Finding the most common entry in a column

Donkey25 · November 21, 2007, 10:38am

Hi,

I have a file with 3 columns in it that are comma separated and it has about 5000 lines. What I want to do is find the most common value in column 3 using awk or a shell script or whatever works! I'm totally stuck on how to do this.

e.g.

value1,value2,bob
value1,value2,bob
value1,value2,bob
value1,value2,dave
value1,value2,james

Clearly in the above example the most popular value in column3 is "bob", but how would I write a script to work this out?

Many thanks

vgersh99 · November 21, 2007, 10:53am

nawk -f don.awk myFile

don.awk:

BEGIN {
  FS=","
}
{a[$3]++; if (a[$3] > comV) { comN=$3; comV=a[$3]} }
END {
    printf("Most Common Name: [%s] = [%d]\n", comN, comV)
}

summer_cherry · November 21, 2007, 9:29pm

Hi,
This one should also be ok for you. Actually, this case involved persormance issue, since your file has thousound and hunderds of lines. So difficult logic will have different result.

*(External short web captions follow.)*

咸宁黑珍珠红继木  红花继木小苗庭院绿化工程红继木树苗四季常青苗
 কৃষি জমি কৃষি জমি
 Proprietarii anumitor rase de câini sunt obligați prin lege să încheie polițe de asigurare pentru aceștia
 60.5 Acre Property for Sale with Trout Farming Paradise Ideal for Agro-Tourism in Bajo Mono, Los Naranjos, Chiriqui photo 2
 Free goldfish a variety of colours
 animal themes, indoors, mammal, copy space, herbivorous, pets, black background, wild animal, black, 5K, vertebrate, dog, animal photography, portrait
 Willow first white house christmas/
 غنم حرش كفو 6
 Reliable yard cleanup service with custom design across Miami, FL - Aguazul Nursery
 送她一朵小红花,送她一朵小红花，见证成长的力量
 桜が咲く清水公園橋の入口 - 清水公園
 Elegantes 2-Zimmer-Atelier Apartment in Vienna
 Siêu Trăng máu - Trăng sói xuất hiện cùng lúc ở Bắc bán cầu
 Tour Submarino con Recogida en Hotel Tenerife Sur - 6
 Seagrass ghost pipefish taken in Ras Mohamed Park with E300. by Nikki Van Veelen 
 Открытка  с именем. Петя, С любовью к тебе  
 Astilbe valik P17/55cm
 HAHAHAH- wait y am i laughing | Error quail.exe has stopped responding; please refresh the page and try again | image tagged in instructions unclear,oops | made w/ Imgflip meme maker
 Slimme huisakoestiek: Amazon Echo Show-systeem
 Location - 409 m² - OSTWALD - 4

To be honest, i only know how to get the result, but i have no idea to give out a high-performance code. So you'd better ask some expert for help.

Here comes my code:

awk 'BEGIN{
FS=","
n=0
}
{
sum[$3]++
if (sum[$3]>n)
{
	n=sum[$3]
	m=$3
}
}
END{
print m
}' filename

drl · November 21, 2007, 10:37pm

Hi.

So you're willing to accept a (more or less) random result of any of the winners if there is a tie among two or more names? ... cheers, drl

radoulov · November 22, 2007, 4:25am

It will be sufficient to turn comN/m into array.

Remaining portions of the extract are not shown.